### How to complete this task
Using the data below, transcribe exactly everything from the line that contains "Louis Vuitton Pochette" down to the line that contains "Waterverf Quirky Bride". Include both of those lines and none of the pictures.

### Provided data
>>>>>

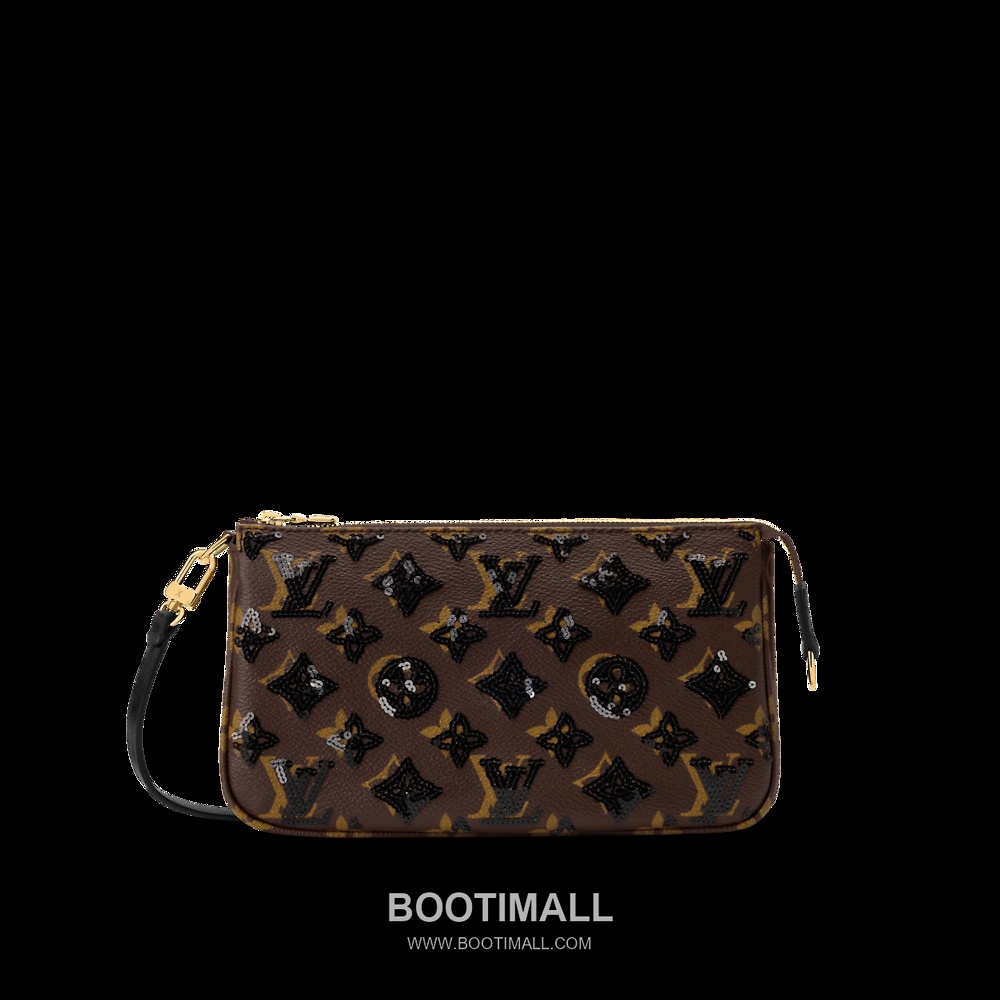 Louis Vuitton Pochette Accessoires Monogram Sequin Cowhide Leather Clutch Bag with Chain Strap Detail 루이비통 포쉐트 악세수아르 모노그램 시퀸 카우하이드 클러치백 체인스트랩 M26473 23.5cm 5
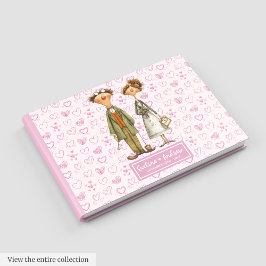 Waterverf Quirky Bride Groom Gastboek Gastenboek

<<<<<
>>>>>

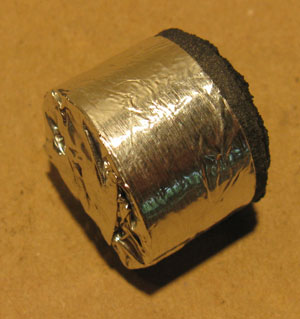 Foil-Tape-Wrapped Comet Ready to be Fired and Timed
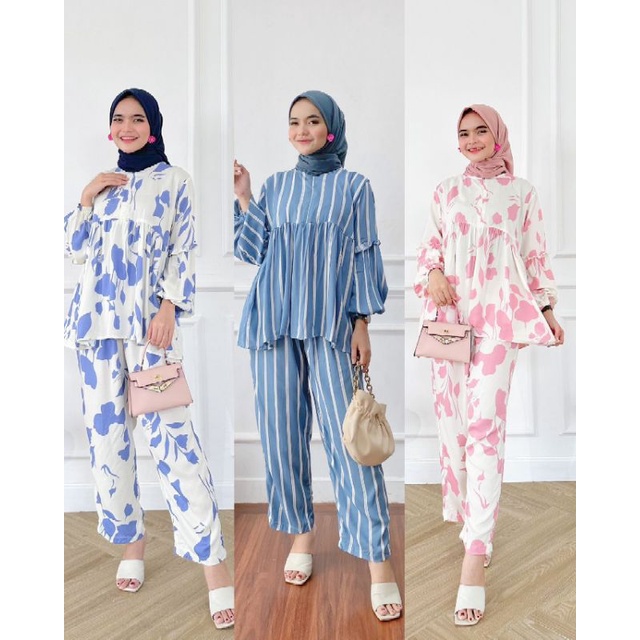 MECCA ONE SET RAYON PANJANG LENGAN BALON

<<<<<
>>>>>

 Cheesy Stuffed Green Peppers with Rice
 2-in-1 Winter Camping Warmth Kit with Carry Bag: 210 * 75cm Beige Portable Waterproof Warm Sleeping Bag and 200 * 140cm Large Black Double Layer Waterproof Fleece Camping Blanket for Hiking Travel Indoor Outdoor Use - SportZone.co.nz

<<<<<

### Solution
 Louis Vuitton Pochette Accessoires Monogram Sequin Cowhide Leather Clutch Bag with Chain Strap Detail 루이비통 포쉐트 악세수아르 모노그램 시퀸 카우하이드 클러치백 체인스트랩 M26473 23.5cm 5
 Waterverf Quirky Bride Groom Gastboek Gastenboek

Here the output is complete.